Task details:
Return every line of the data below exactly, but do not include the images.

Raw data:
**********

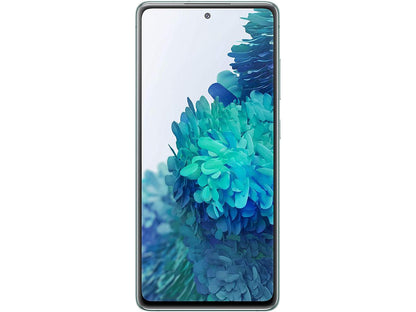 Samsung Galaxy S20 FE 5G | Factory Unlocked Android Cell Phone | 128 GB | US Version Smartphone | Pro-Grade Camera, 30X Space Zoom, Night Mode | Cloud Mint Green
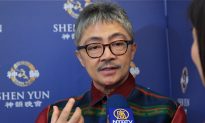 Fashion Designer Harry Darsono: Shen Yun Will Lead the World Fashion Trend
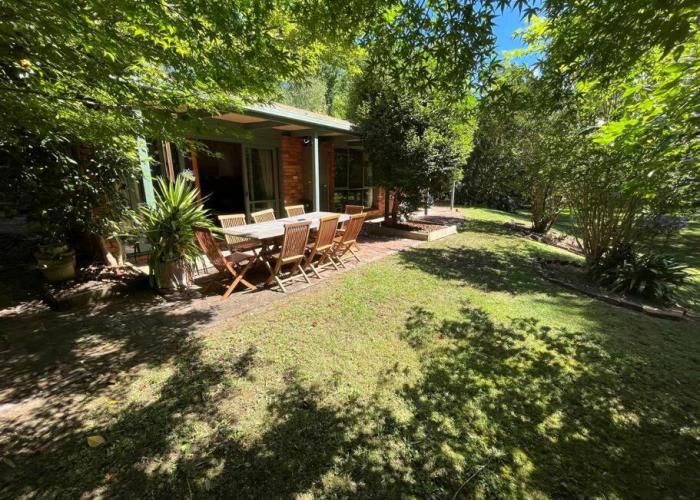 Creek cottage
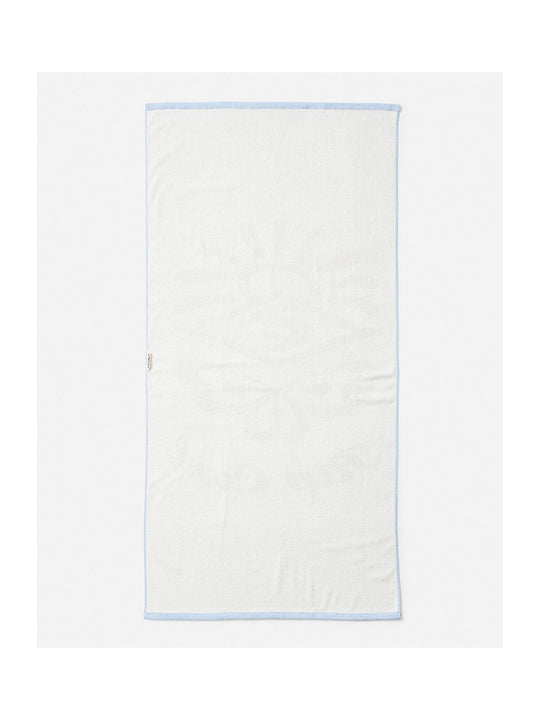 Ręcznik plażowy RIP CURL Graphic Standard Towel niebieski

**********

Finished exercise:
 Samsung Galaxy S20 FE 5G | Factory Unlocked Android Cell Phone | 128 GB | US Version Smartphone | Pro-Grade Camera, 30X Space Zoom, Night Mode | Cloud Mint Green
 Fashion Designer Harry Darsono: Shen Yun Will Lead the World Fashion Trend
 Creek cottage
 Ręcznik plażowy RIP CURL Graphic Standard Towel niebieski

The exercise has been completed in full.